EXERCISE AIM » Find the line containing "Women's Loose V-neck". Reproduce it and every line after it up to the end of the records, exactly as written.

EXTRACTED MATERIAL »
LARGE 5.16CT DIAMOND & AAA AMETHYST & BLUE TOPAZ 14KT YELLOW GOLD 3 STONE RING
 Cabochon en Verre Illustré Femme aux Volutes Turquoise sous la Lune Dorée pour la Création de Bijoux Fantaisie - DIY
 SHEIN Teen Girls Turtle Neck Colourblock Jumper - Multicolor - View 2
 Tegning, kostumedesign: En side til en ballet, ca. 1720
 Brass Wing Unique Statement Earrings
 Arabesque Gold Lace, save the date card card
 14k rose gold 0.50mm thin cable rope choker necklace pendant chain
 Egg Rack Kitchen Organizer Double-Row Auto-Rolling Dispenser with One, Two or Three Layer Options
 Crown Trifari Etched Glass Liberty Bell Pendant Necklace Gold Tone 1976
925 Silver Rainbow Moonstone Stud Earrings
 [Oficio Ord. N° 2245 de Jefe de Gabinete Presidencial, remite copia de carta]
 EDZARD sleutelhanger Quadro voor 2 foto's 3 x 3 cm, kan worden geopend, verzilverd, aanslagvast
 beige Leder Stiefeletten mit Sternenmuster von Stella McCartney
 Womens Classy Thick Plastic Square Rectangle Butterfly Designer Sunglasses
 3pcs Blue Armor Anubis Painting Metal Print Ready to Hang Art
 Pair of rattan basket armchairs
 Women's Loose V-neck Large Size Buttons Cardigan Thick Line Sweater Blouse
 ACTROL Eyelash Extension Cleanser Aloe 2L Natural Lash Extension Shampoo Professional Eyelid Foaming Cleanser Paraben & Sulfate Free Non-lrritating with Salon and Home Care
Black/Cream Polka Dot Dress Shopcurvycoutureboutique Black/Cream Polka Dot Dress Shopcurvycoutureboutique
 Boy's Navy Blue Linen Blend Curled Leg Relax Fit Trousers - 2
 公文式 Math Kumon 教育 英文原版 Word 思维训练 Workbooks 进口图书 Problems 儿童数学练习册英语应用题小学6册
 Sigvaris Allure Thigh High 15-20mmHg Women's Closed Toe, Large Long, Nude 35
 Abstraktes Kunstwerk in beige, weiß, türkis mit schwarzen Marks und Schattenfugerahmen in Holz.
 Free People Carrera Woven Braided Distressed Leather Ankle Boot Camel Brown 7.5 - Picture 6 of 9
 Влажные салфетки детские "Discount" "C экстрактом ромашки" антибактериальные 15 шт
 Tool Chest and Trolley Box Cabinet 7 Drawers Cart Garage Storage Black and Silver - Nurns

SOLUTION TO THIS TASK »
 Women's Loose V-neck Large Size Buttons Cardigan Thick Line Sweater Blouse
 ACTROL Eyelash Extension Cleanser Aloe 2L Natural Lash Extension Shampoo Professional Eyelid Foaming Cleanser Paraben & Sulfate Free Non-lrritating with Salon and Home Care
Black/Cream Polka Dot Dress Shopcurvycoutureboutique Black/Cream Polka Dot Dress Shopcurvycoutureboutique
 Boy's Navy Blue Linen Blend Curled Leg Relax Fit Trousers - 2
 公文式 Math Kumon 教育 英文原版 Word 思维训练 Workbooks 进口图书 Problems 儿童数学练习册英语应用题小学6册
 Sigvaris Allure Thigh High 15-20mmHg Women's Closed Toe, Large Long, Nude 35
 Abstraktes Kunstwerk in beige, weiß, türkis mit schwarzen Marks und Schattenfugerahmen in Holz.
 Free People Carrera Woven Braided Distressed Leather Ankle Boot Camel Brown 7.5 - Picture 6 of 9
 Влажные салфетки детские "Discount" "C экстрактом ромашки" антибактериальные 15 шт
 Tool Chest and Trolley Box Cabinet 7 Drawers Cart Garage Storage Black and Silver - Nurns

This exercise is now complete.